If I stand very still, if I do not move, I can see back over the spill of decades, over lifetimes to this specific scene. A grand foyer, Victorian in style, seen as if through a hole in…time? The scene’s edges darken, obscured by shadow. But at the center, the view is bright and clear — a staircase sweeps upward on the left, with heavily ornamented wrought-iron railing; straight ahead, a carved and paneled entry stands with double doors flung wide, opening onto a sunlit two-story chamber. Everything — every nook and cranny, the walls and ceiling — is highly decorated…carved, painted, flocked, tiled, gilt. The opulence is striking.

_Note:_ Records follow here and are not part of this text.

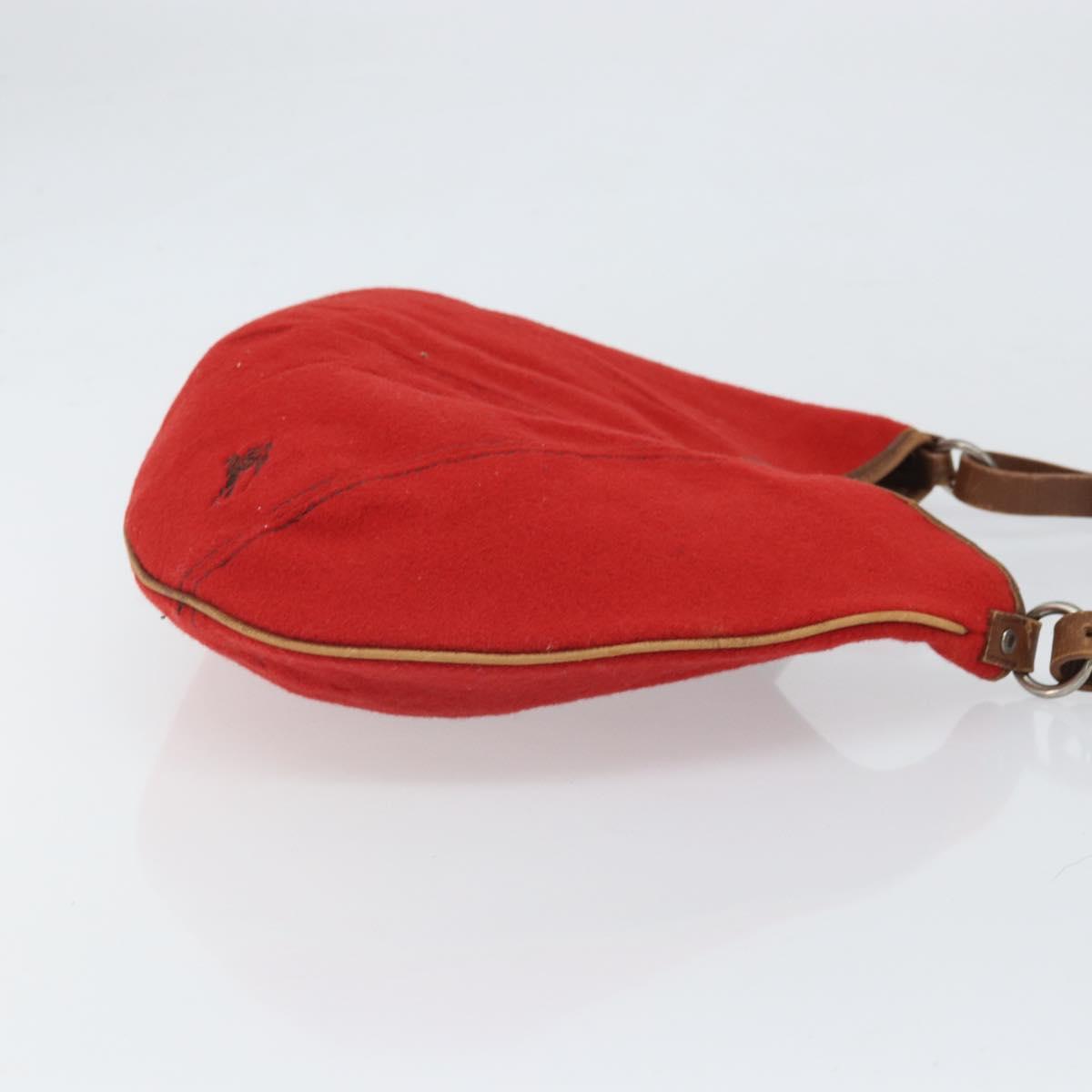 BURBERRY Blue Label Shoulder Bag Felt Leather Red Silver Auth ti3756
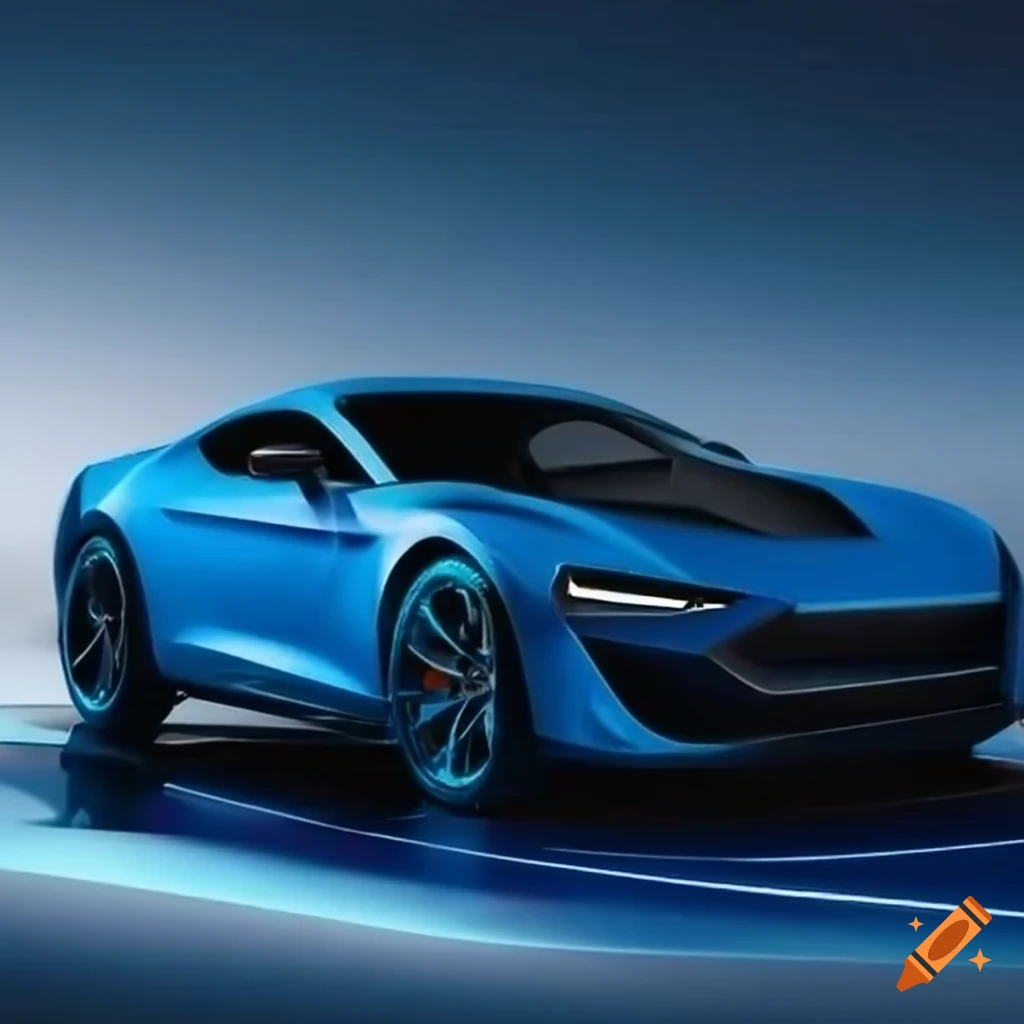 Blue sports car with sleek design on Craiyon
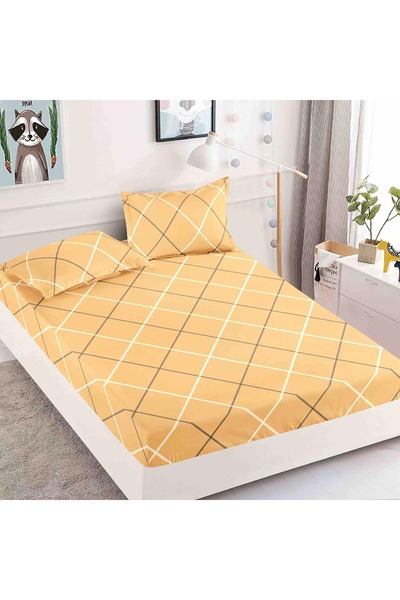 OEM Double bed cover set with elastic, 3 pieces, 180x200cm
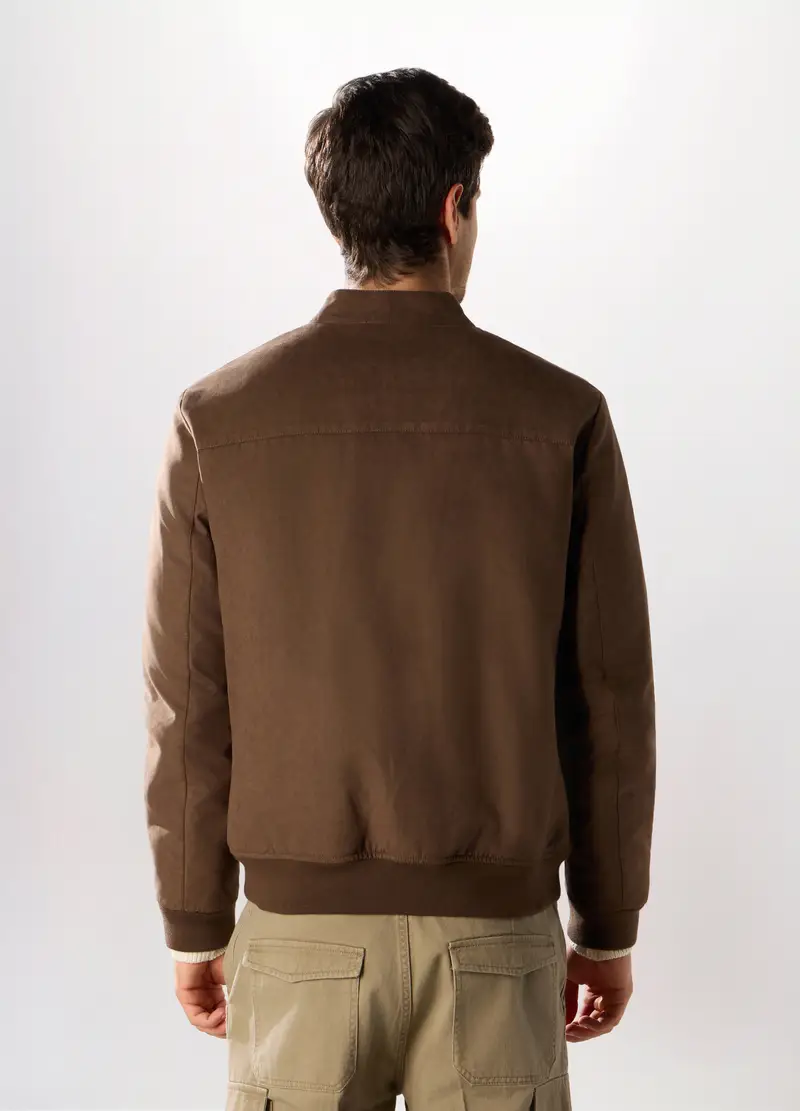 Giacca Biker In Suede Ecopelle Uomo, Marrone cioccolato miniatura 2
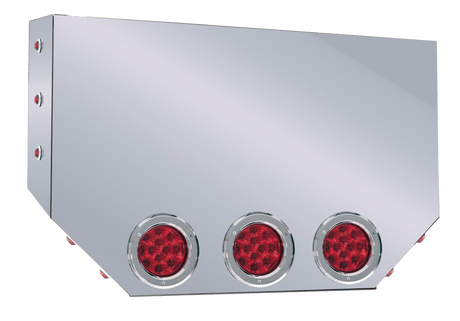 Rear Center Light Panel With Three 4 Inch Round and Ten 3/4 Inch LED Lights - HD Truck Source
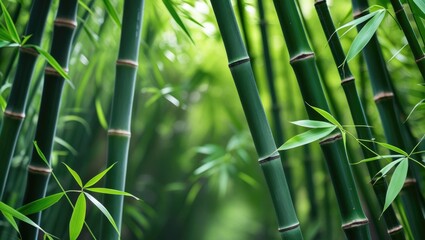 Poster - Lush green bamboo forest with slender stalks and vibrant leaves creating a serene natural background for relaxation and tranquility.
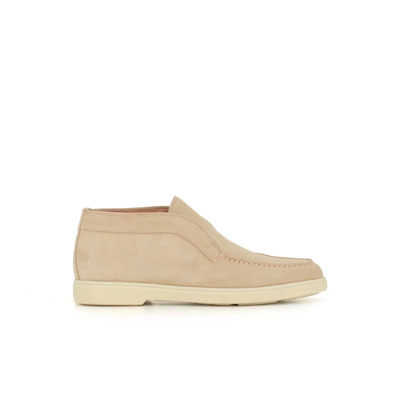 Beige Suède Laarzen met Ronde Neus Santoni , Beige , Dames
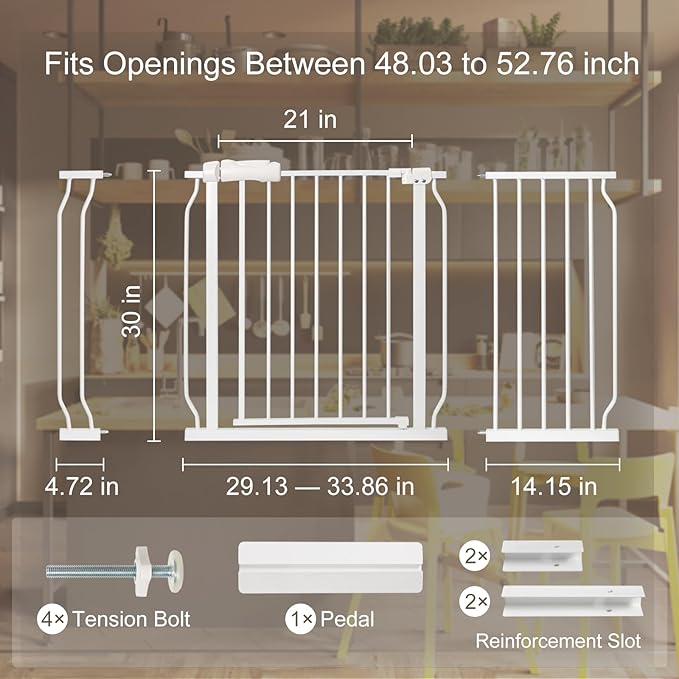 Extra Wide Baby Gate 48.03-52.76 Pressure Mounted,Child Dog Pet Safety Gates with Walk Through Door for Doorways Stairs No Drilling in Door,White
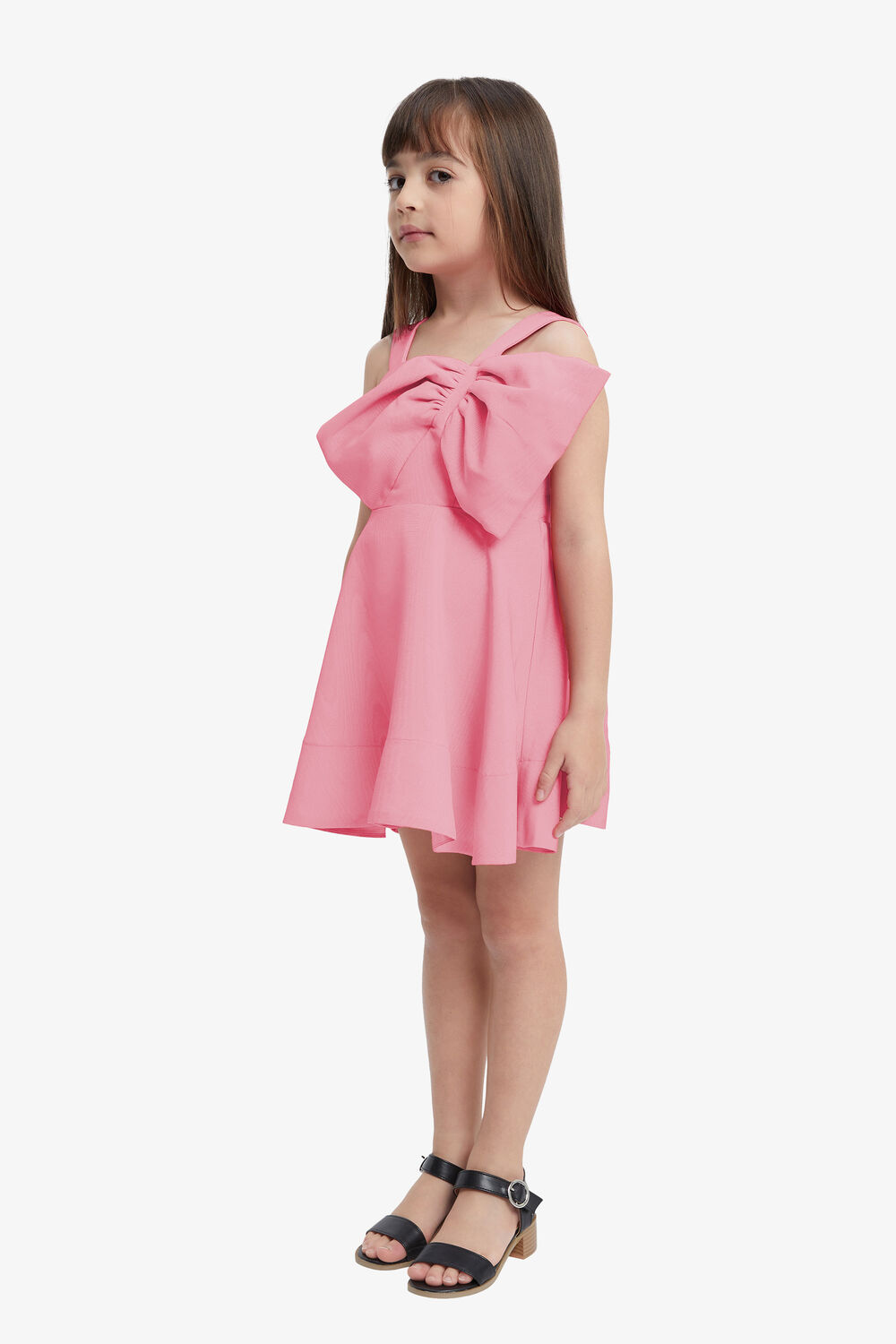 GIRLS STEFANIA MINI BOW DRESS in colour CHALK PINK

The staircase, thickly carpeted, leads upward, down a hall.  A railing on the right overlooks the large, two-story chamber; doors line the left wall. Each door is heavy and dark with a polished brass knob and key-hole — and, disturbingly, a small barred window is inset upon each door’s face. I realize I am viewing an antique hospital; perhaps, an asylum.

Movement catches my attention — the opaque form of a woman. A ghost. Slowly, she drifts toward the stairs. My view narrows, focuses upon her vaporous shape and follows her closely. Up. Along the balconied hall. Past one door, then another, and another. She is grief-stricken, clutching diffuse hands to her sternum, weeping silently. Her sad history unfolds within me. She — young, naive, trusting; he — older, wealthy, arrogant. His gifts and flattery and promises of security — so persistent, so calculated. Over time, her resolve eroded. When their child was born, he had her locked away in this very hospital; he took the baby. Ultimately, she lost all.

Over and done. Swept into the dust of time’s passage. The young woman never recovered from her grief. The man died old and unrepentant, protected by his wealth and stature. What I cannot see, as I stand here, viewing this place and this scene, its history and edges obscured by grit and shadow — is what became of the child.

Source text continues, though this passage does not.